KUALA SELANGOR, June 5 — Shell-shocked progressive PAS leaders put on a brave face today at the party’s muktamar, or annual congress, after a near clean-sweep of top positions in the Islamist party’s elections last night.
Expressing hope that the new ulama-dominated line-up of the party will still seek to engage with non-Muslim voters, the group urged the public to give the clergy faction a chance to prove their worth.
“The delegates have made their decision and we have to accept it though we are taken aback by the results. This is normal in any contest, but what’s important is that the winners continue strengthening the party while those who lost, I feel have already given their best,” PAS elections director Dr Mohd Hatta Ramli told reporters.
“Now I got to go inside and pretend that I’m happy,” said the Kuala Krai MP, before making his way into the Kuala Selangor Indoor Stadium to attend the muktamar.

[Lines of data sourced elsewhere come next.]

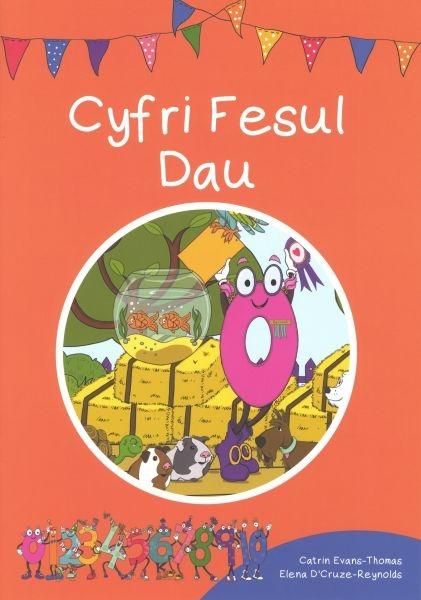 Produktbild: Cyfres Cymeriadau Difyr: Stryd y Rhifau - Cyfri Fesul Dau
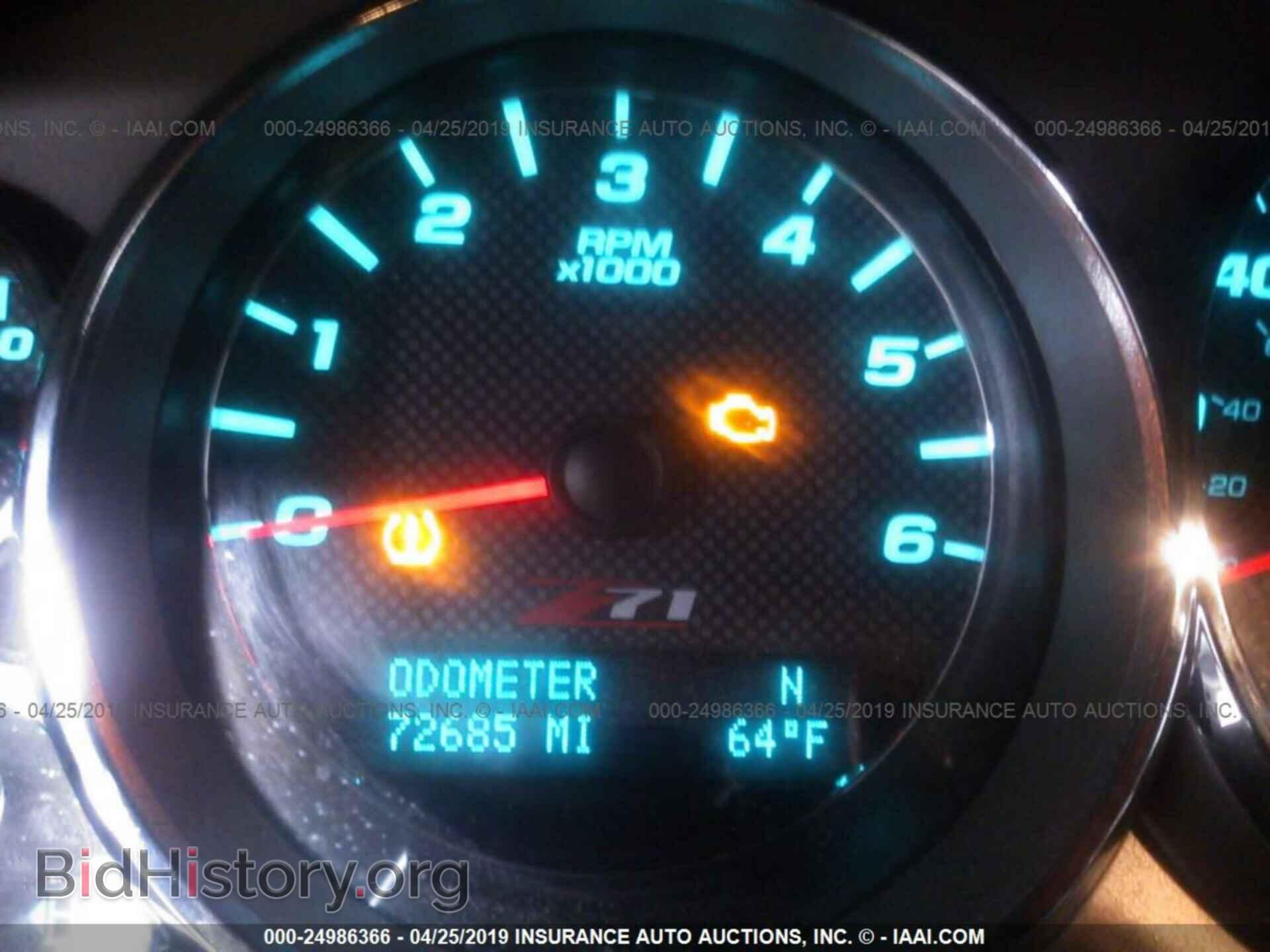 2011 CHEVROLET SILVERADO - VIN: 3GCPKSE38BG288372 - Фото 7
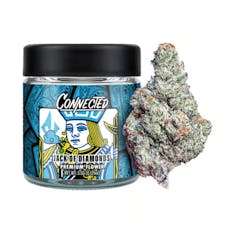 Connected - Jack Of Diamonds (Sativa) Flower 3.5g
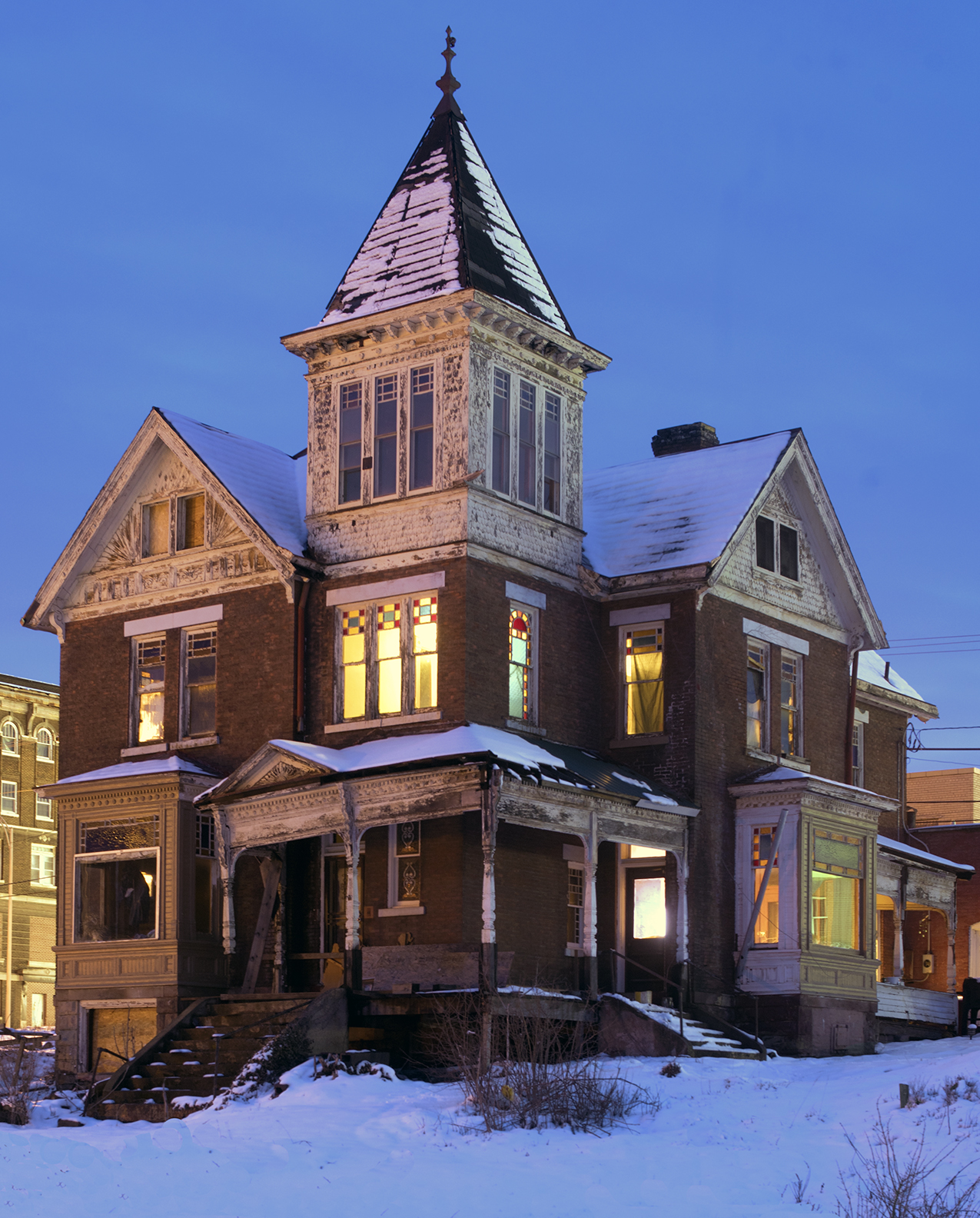 Victorian, Home, East Liverpool.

The clergy class, or ulama, trounced the party progressives in a near-total takeover of PAS last night, winning 22 out of the 23 posts open for contest in the Islamist party’s central working committee.
“Maybe they are more progressive than us… give them a chance,” PAS’ legal and human rights bureau chief Mohamed Hanipa Maidin told reporters jokingly.
Meanwhile, PAS research centre director Dr Dzulkefly Ahmad said the progressives have always been a “big-hearted” bunch and do not bear any ill-will over their ousting.
Instead, he added that the dominance of the clergy faction is a sign of a more interesting development in both PAS’ and the country’s political landscape.
“We are big hearted…we have made it very clear but they (delegates) have chosen that way (voting in ulamas) so be it.
“We will give them a chance, but we will see. The dynamics are very interesting. There is never a dull moment in Malaysian politics,” the former PAS central working committee member added.
Dr Hatta said the progressives will continue to reach out to the non-Muslims and help them understand developments in PAS, especially party president Datuk Seri Abdul Hadi Awang’s insistence to implement the Islamic penal law of hudud.
“I really hope that the current committee will continue the good work hopefully in connecting PAS to the non-Malays…there should not be anything less than what has been done before,” he said.
“Well I’m sure they will be able to (connect with non-Muslims) as well … that’s the new leadership’s business, so they have to sort it out … give them a chance,” Shah Alam MP Khalid Samad said, when asked if the new party leadership can reach out to non-Muslim voters without the popular progressives.
The watershed win last night saw PAS’s incumbent president Hadi back at the helm of the 64-year-old Islamist party, that has been for the past few months wracked by a so-called faction war.